• **What you need to do**: Using the data below, transcribe exactly everything from the line that contains "2D Mint Green" down to the line that contains "Mustard Hand Crafted". Include both of those lines and none of the pictures.
┌─ Study material
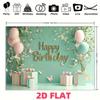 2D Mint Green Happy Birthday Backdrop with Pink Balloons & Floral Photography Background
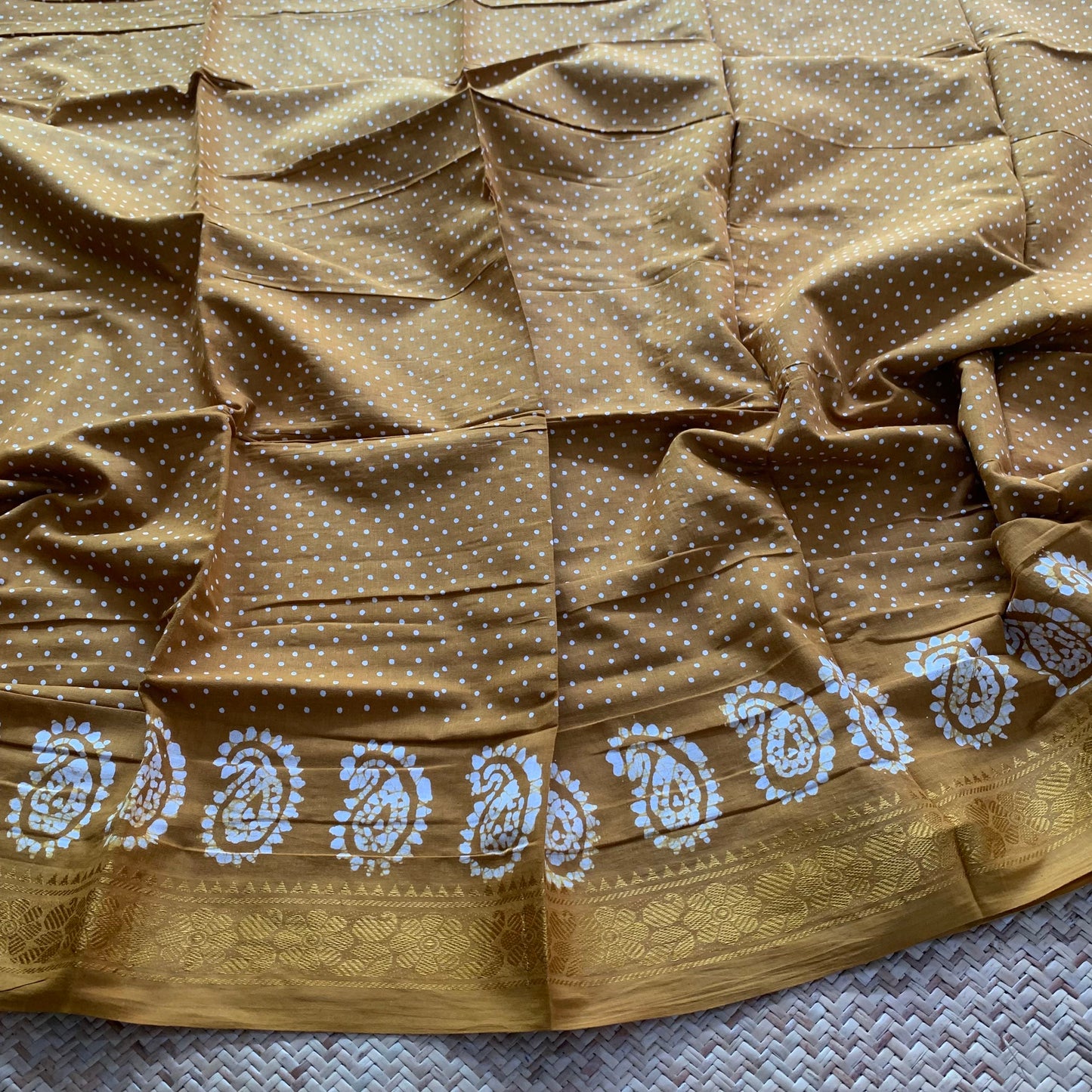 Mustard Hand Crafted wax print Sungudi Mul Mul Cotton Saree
└─
┌─ Study material
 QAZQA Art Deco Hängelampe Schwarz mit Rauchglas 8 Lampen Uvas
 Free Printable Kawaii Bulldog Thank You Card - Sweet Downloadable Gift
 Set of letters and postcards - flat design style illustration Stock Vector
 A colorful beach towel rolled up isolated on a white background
└─
┌─ Study material
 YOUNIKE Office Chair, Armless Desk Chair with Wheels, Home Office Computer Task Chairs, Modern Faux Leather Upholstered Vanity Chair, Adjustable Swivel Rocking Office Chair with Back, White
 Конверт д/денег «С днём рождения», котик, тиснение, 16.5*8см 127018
└─
• **Exercise output**:
 2D Mint Green Happy Birthday Backdrop with Pink Balloons & Floral Photography Background
 Mustard Hand Crafted wax print Sungudi Mul Mul Cotton Saree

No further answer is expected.